- _WHAT YOU SHOULD DO_: Give back the exact lines of the material below from the one containing "Kid Gets a Little" through the one containing "430 Lakeview Road", and no pictures.

- _PROVIDED RECORDS_:
■ ■ ■ ■ ■
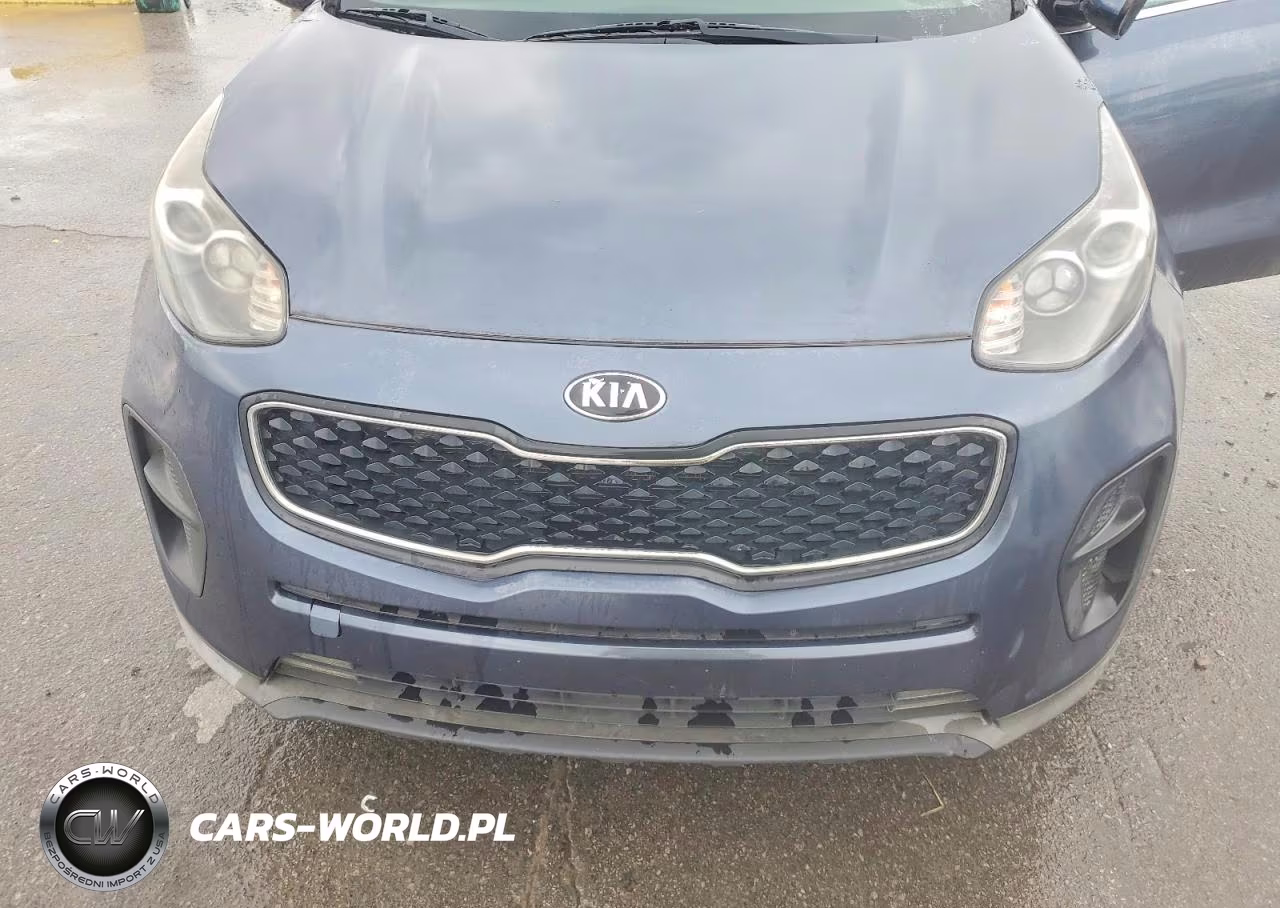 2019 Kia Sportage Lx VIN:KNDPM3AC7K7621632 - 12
■ ■ ■ ■ ■
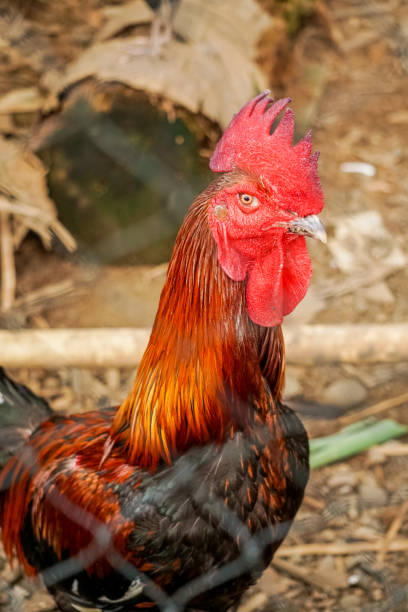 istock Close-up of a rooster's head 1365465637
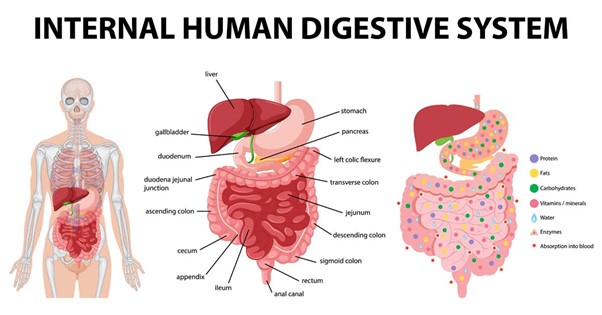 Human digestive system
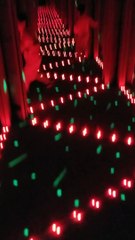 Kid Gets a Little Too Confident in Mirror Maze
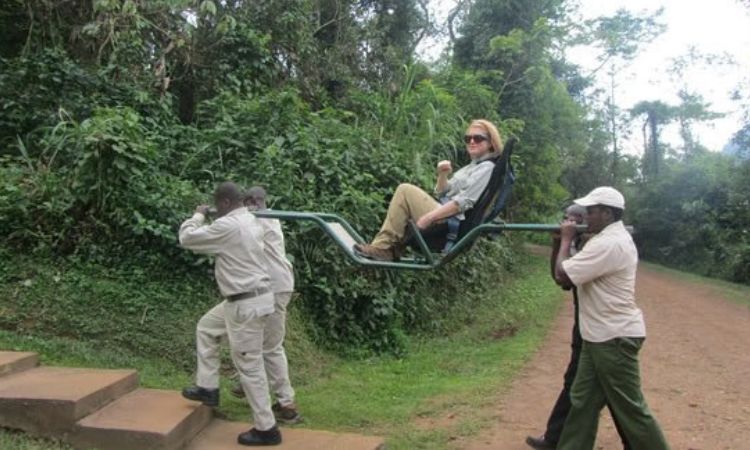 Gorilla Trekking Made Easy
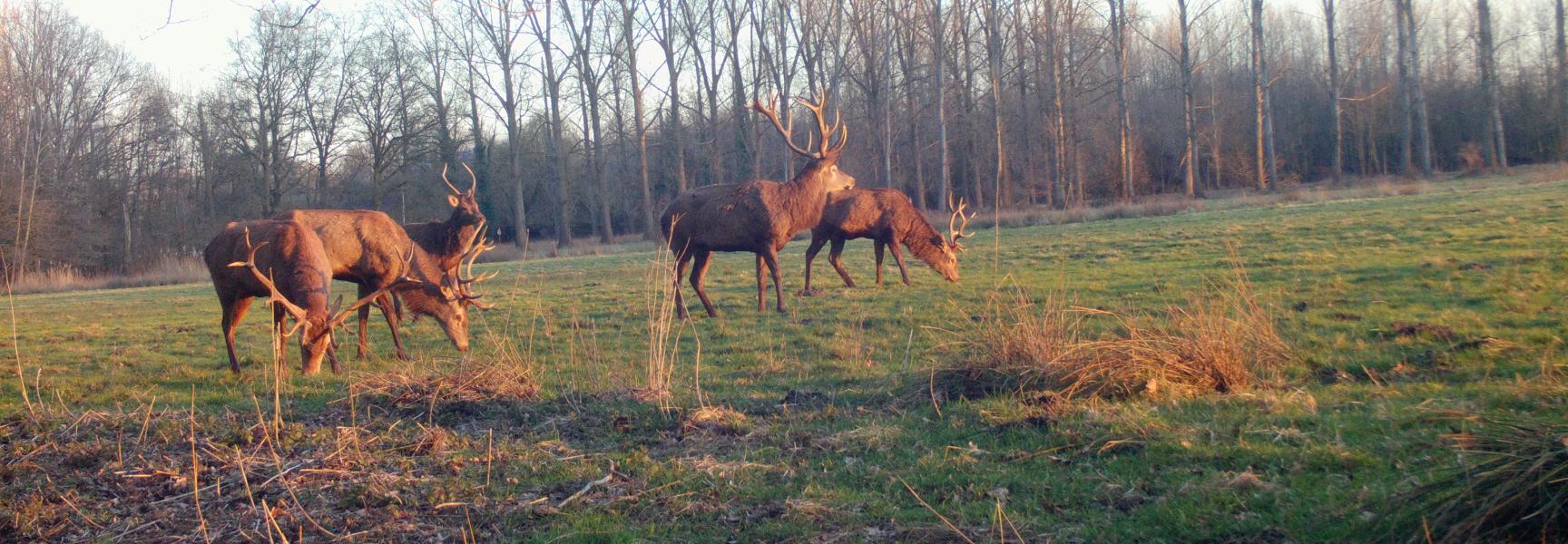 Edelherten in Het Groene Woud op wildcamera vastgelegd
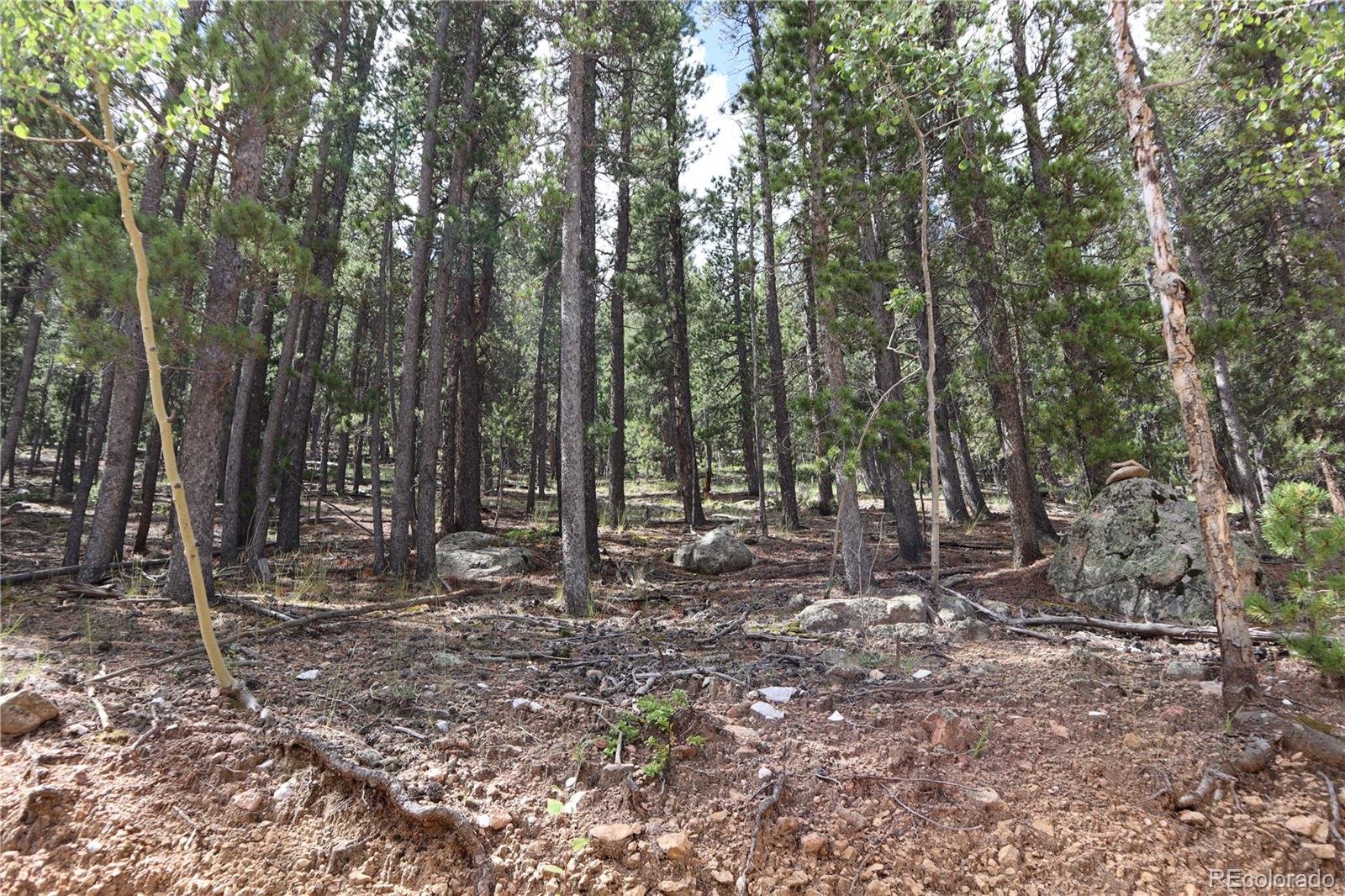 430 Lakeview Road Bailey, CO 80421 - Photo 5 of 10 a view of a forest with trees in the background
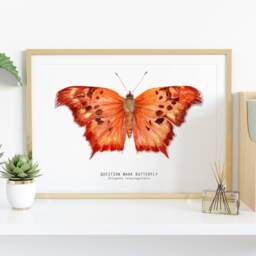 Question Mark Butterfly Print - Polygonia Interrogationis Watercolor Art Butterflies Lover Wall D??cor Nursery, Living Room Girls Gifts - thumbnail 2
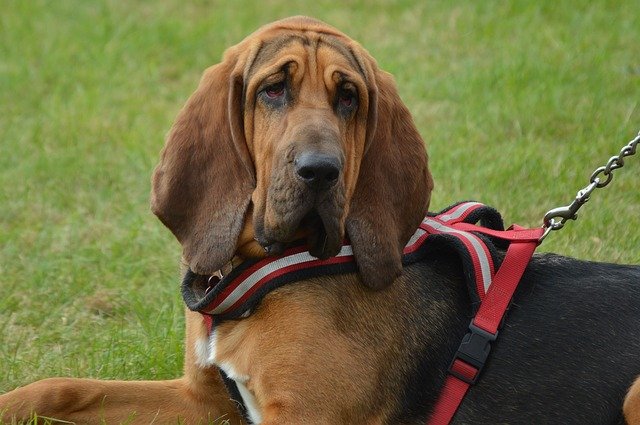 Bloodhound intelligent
■ ■ ■ ■ ■
- _ANSWER TO THIS EXERCISE_:
 Kid Gets a Little Too Confident in Mirror Maze
 Gorilla Trekking Made Easy
 Edelherten in Het Groene Woud op wildcamera vastgelegd
 430 Lakeview Road Bailey, CO 80421 - Photo 5 of 10 a view of a forest with trees in the background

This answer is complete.